Content starts

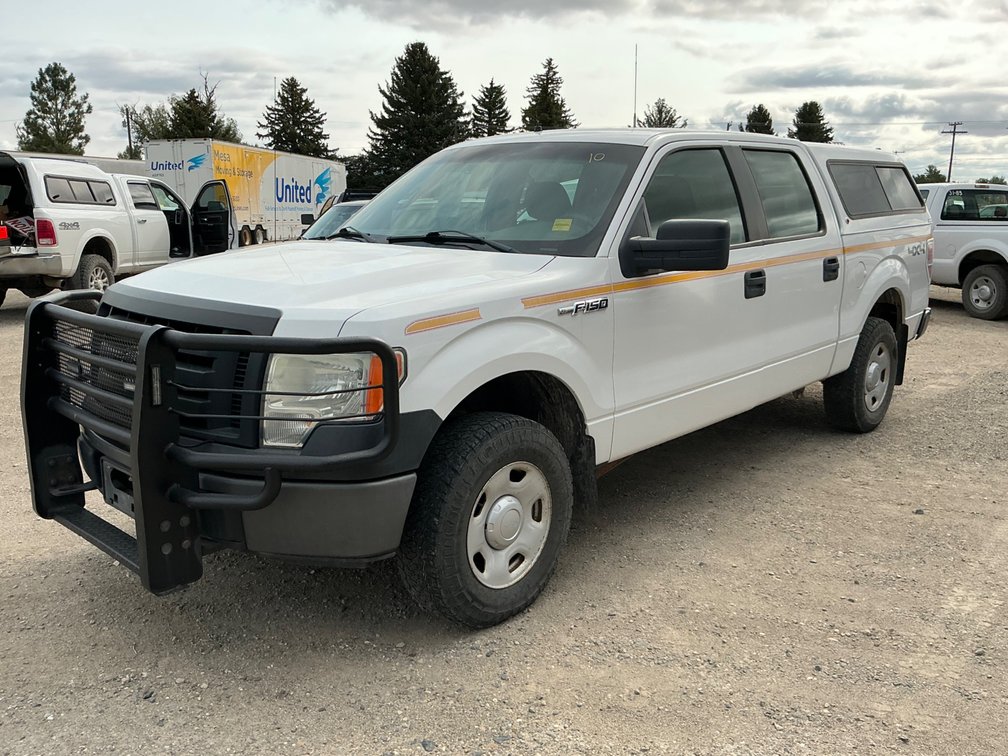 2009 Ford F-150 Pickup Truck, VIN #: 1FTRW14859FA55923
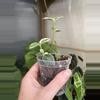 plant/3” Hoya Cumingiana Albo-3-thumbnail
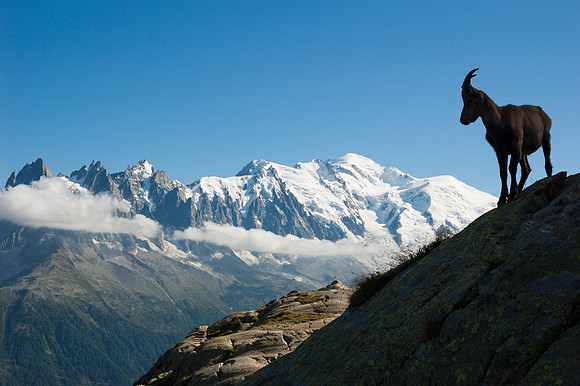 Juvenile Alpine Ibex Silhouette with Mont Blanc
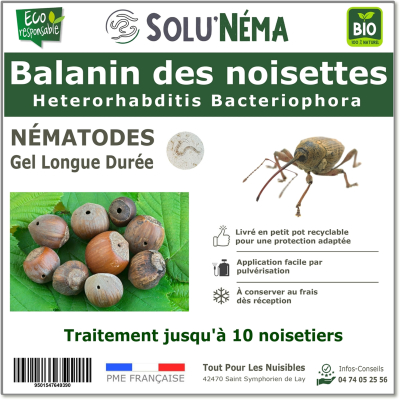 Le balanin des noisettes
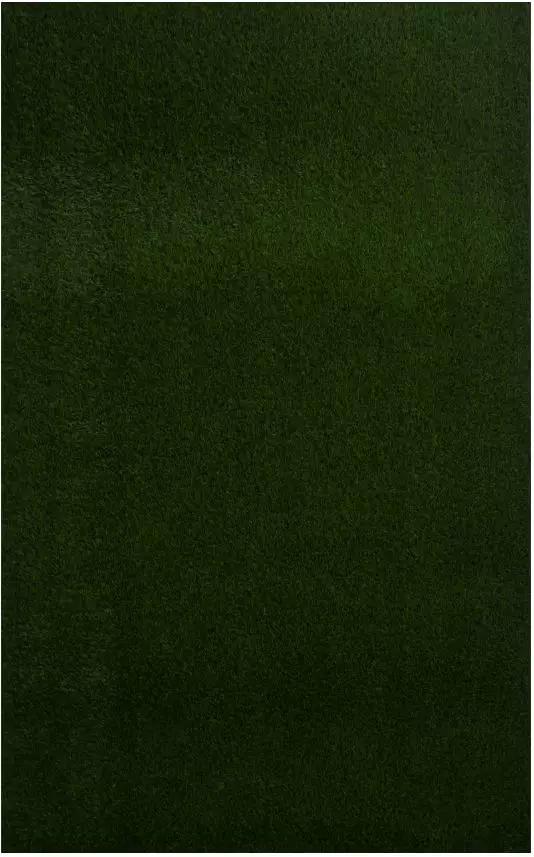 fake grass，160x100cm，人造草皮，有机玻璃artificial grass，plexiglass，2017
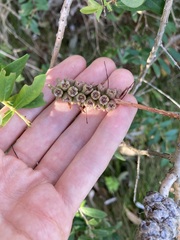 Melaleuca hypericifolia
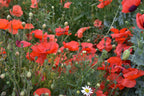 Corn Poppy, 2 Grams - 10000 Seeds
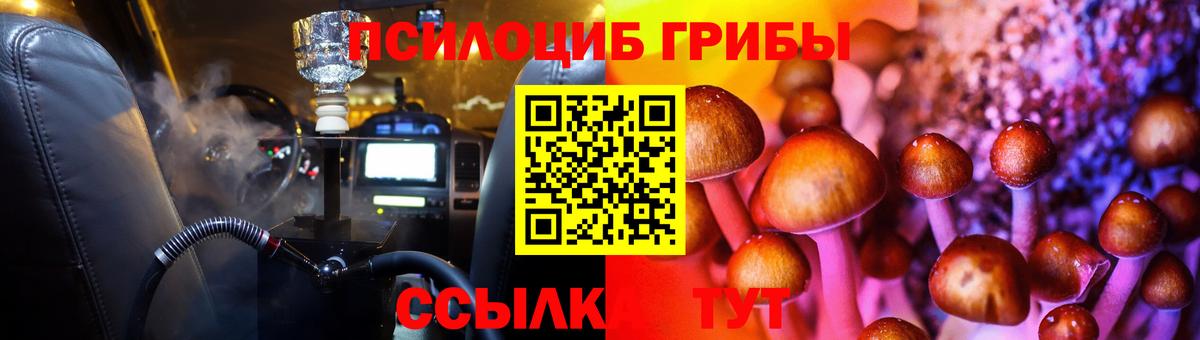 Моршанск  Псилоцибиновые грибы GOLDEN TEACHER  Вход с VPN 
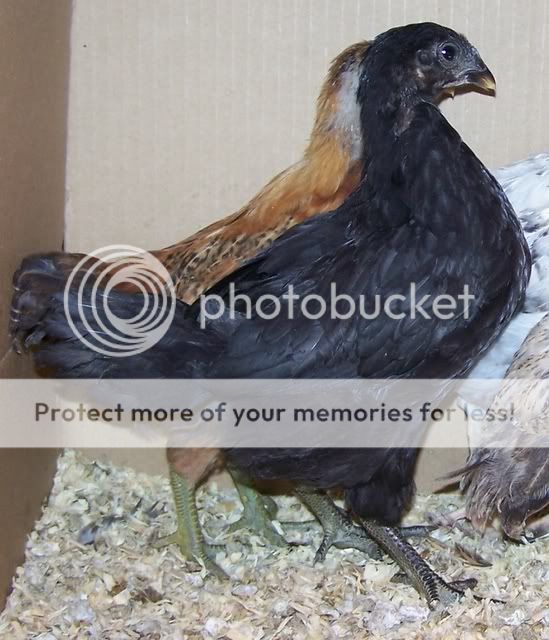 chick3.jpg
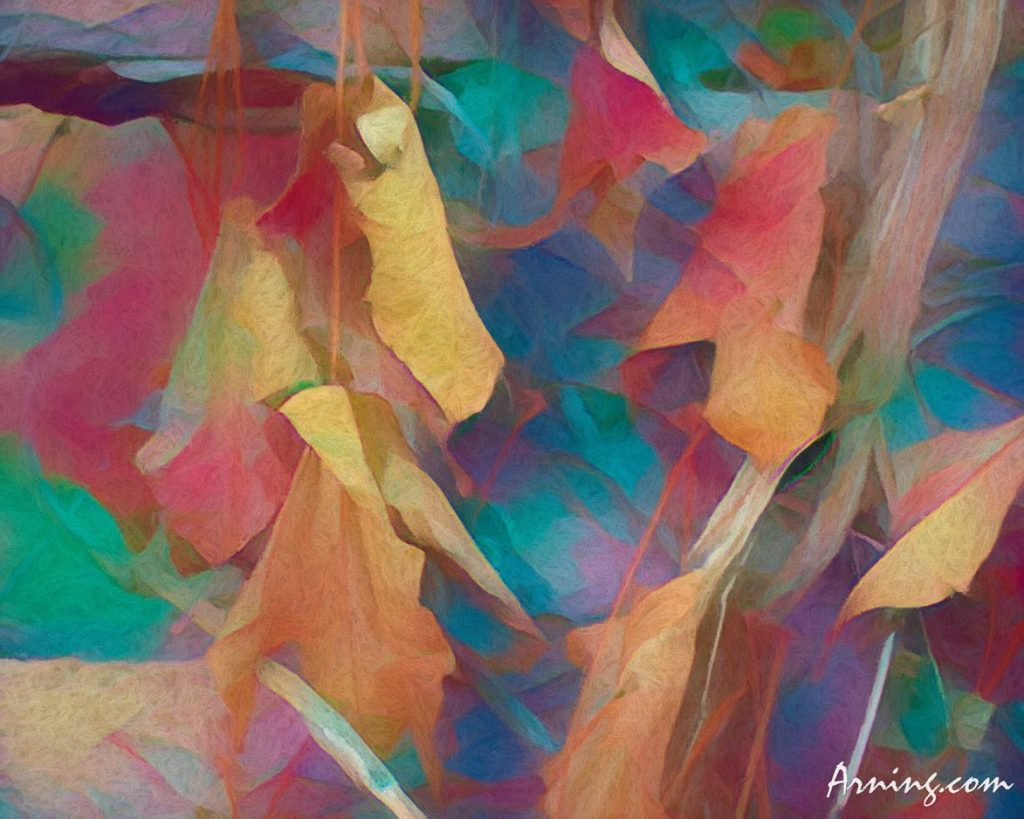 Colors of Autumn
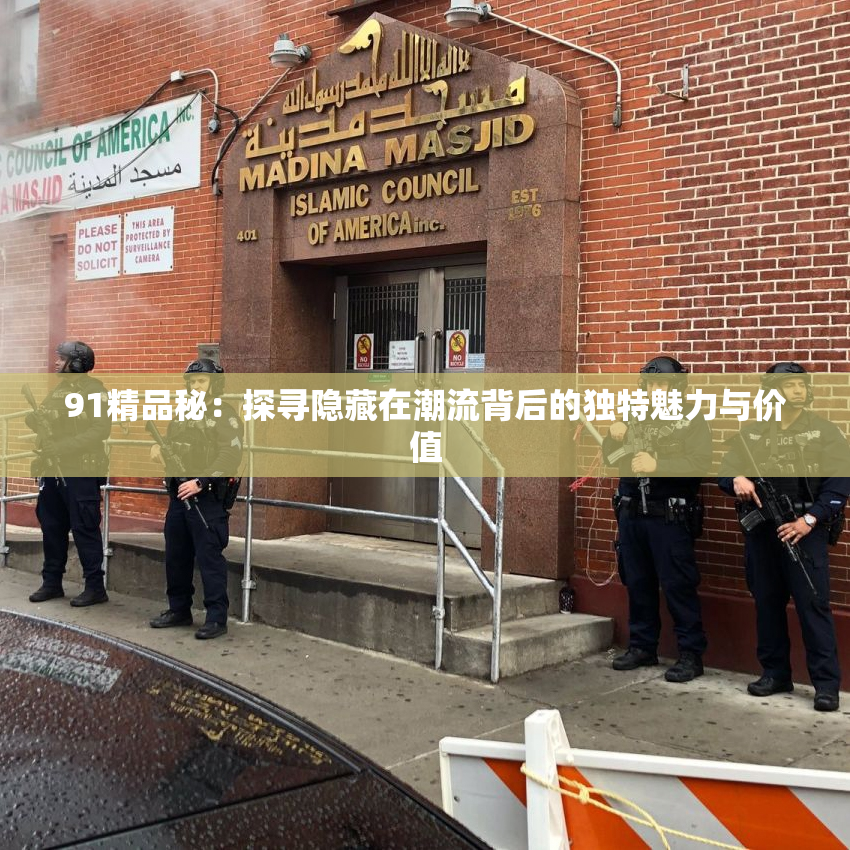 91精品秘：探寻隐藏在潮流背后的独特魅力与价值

Content ends

*WHAT IS EXPECTED*
The data above are to be repeated word for word, with any pictures left out.

*WRITTEN ANSWER*
 2009 Ford F-150 Pickup Truck, VIN #: 1FTRW14859FA55923
 plant/3” Hoya Cumingiana Albo-3-thumbnail
 Juvenile Alpine Ibex Silhouette with Mont Blanc
 Le balanin des noisettes
 fake grass，160x100cm，人造草皮，有机玻璃artificial grass，plexiglass，2017
 Melaleuca hypericifolia
 Corn Poppy, 2 Grams - 10000 Seeds
 Моршанск  Псилоцибиновые грибы GOLDEN TEACHER  Вход с VPN 
 chick3.jpg
 Colors of Autumn
 91精品秘：探寻隐藏在潮流背后的独特魅力与价值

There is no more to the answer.